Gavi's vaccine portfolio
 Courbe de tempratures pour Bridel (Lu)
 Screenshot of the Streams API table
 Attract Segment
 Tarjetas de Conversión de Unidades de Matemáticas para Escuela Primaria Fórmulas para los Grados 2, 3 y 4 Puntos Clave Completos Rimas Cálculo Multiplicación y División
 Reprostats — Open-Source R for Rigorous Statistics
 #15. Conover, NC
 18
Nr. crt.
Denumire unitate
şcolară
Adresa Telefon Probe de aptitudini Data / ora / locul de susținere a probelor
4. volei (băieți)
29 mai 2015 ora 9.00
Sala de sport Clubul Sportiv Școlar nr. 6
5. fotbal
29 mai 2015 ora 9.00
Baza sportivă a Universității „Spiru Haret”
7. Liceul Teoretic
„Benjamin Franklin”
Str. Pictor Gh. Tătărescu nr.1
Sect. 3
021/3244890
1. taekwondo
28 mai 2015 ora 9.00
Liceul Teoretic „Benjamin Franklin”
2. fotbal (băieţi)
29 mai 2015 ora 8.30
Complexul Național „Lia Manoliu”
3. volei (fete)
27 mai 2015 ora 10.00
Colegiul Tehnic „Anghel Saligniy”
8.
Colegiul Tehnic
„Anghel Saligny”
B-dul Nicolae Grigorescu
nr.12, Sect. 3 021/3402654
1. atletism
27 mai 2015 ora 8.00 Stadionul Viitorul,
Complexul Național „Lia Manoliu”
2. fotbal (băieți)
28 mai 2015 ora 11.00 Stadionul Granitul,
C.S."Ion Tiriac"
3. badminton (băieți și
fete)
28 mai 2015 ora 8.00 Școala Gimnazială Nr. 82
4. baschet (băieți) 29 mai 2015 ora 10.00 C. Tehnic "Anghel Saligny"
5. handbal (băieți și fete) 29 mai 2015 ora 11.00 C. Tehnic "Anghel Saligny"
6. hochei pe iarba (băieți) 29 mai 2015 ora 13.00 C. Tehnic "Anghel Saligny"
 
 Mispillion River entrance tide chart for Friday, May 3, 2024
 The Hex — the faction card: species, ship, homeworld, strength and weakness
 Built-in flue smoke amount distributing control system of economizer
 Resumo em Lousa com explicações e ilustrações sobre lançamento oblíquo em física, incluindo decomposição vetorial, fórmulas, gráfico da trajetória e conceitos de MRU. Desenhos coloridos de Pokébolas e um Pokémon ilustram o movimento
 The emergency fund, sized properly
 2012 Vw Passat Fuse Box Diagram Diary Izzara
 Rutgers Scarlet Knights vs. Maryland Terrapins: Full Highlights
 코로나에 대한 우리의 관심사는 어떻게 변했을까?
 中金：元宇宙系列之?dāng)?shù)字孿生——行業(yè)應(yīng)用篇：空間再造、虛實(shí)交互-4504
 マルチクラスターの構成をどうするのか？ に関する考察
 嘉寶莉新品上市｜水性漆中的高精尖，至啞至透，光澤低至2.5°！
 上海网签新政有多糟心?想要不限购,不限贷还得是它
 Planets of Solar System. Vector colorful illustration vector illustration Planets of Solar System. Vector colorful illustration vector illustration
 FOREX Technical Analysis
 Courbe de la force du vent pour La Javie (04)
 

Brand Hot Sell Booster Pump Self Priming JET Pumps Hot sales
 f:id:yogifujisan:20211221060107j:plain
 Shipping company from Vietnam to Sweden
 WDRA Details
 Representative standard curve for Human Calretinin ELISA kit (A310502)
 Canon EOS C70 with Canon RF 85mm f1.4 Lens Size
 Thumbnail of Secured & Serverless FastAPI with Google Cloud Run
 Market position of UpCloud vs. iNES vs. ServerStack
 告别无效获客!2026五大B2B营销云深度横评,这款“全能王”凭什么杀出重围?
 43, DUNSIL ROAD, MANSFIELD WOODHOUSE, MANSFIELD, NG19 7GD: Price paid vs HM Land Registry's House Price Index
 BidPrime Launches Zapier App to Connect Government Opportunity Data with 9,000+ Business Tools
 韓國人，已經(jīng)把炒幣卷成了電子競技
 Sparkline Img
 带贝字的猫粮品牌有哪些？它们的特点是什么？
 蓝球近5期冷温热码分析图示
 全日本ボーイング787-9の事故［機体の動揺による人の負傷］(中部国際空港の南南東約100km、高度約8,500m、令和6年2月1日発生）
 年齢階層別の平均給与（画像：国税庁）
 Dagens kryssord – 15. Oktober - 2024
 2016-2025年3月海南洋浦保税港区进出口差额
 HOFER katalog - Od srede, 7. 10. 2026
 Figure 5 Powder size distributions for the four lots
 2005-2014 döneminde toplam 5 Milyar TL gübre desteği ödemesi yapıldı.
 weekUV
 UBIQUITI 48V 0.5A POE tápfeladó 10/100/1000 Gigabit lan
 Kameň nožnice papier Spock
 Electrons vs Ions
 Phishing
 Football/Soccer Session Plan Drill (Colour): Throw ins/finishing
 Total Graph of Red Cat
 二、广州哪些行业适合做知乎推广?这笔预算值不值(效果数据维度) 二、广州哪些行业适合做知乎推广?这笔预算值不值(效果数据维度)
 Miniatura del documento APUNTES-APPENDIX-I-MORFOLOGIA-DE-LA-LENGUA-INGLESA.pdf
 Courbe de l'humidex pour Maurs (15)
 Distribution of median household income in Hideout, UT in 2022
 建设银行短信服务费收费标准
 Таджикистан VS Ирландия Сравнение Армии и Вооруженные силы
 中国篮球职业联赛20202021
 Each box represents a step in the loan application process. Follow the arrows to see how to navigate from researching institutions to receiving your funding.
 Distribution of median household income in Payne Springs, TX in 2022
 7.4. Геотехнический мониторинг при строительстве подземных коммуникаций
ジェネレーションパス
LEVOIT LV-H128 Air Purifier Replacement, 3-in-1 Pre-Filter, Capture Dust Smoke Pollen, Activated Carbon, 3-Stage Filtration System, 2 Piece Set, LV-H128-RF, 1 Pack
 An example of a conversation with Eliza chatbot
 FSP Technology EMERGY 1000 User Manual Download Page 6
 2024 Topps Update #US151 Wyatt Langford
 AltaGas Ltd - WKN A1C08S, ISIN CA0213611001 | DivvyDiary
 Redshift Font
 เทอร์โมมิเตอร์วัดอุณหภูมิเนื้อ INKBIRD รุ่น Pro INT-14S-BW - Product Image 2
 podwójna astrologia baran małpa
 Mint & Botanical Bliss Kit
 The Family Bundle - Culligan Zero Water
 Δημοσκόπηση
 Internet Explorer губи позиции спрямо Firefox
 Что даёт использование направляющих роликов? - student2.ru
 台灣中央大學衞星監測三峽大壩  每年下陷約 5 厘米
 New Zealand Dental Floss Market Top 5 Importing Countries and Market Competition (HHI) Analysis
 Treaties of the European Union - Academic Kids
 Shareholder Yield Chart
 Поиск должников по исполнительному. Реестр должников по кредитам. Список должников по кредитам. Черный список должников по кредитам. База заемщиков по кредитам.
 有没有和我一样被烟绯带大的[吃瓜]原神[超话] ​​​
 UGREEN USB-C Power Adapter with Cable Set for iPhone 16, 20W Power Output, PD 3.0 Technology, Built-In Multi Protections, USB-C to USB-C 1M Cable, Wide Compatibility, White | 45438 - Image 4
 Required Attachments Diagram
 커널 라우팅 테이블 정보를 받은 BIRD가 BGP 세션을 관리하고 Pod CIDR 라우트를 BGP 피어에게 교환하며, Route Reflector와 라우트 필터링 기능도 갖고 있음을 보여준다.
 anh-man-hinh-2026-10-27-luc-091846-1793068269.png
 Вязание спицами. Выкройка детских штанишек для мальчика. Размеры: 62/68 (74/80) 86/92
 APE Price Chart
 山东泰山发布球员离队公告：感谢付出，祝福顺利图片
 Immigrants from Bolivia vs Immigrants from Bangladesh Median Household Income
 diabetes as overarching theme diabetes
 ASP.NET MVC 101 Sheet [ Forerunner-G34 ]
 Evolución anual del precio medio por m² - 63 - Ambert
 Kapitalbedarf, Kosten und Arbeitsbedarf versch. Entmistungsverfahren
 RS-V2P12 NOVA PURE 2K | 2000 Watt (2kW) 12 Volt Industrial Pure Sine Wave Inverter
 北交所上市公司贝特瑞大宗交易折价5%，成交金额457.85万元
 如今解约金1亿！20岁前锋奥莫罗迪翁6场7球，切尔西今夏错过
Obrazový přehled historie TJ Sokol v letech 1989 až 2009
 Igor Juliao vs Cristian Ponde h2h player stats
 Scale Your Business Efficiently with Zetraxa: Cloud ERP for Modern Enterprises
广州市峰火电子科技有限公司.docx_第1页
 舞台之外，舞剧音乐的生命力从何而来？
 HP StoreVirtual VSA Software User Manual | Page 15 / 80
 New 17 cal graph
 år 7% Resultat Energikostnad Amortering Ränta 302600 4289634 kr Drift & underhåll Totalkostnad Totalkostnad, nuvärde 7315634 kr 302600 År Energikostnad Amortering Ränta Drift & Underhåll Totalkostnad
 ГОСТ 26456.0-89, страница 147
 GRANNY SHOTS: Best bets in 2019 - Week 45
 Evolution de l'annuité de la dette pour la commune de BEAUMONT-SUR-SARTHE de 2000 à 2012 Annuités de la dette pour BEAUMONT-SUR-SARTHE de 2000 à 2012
- - - - - - -
Give an exact copy of the lines above, from the top of the records to the line that contains "5. handbal (băieți", taking in both ends.

__Task result__:
Gavi's vaccine portfolio
 Courbe de tempratures pour Bridel (Lu)
 Screenshot of the Streams API table
 Attract Segment
 Tarjetas de Conversión de Unidades de Matemáticas para Escuela Primaria Fórmulas para los Grados 2, 3 y 4 Puntos Clave Completos Rimas Cálculo Multiplicación y División
 Reprostats — Open-Source R for Rigorous Statistics
 #15. Conover, NC
 18
Nr. crt.
Denumire unitate
şcolară
Adresa Telefon Probe de aptitudini Data / ora / locul de susținere a probelor
4. volei (băieți)
29 mai 2015 ora 9.00
Sala de sport Clubul Sportiv Școlar nr. 6
5. fotbal
29 mai 2015 ora 9.00
Baza sportivă a Universității „Spiru Haret”
7. Liceul Teoretic
„Benjamin Franklin”
Str. Pictor Gh. Tătărescu nr.1
Sect. 3
021/3244890
1. taekwondo
28 mai 2015 ora 9.00
Liceul Teoretic „Benjamin Franklin”
2. fotbal (băieţi)
29 mai 2015 ora 8.30
Complexul Național „Lia Manoliu”
3. volei (fete)
27 mai 2015 ora 10.00
Colegiul Tehnic „Anghel Saligniy”
8.
Colegiul Tehnic
„Anghel Saligny”
B-dul Nicolae Grigorescu
nr.12, Sect. 3 021/3402654
1. atletism
27 mai 2015 ora 8.00 Stadionul Viitorul,
Complexul Național „Lia Manoliu”
2. fotbal (băieți)
28 mai 2015 ora 11.00 Stadionul Granitul,
C.S."Ion Tiriac"
3. badminton (băieți și
fete)
28 mai 2015 ora 8.00 Școala Gimnazială Nr. 82
4. baschet (băieți) 29 mai 2015 ora 10.00 C. Tehnic "Anghel Saligny"
5. handbal (băieți și fete) 29 mai 2015 ora 11.00 C. Tehnic "Anghel Saligny"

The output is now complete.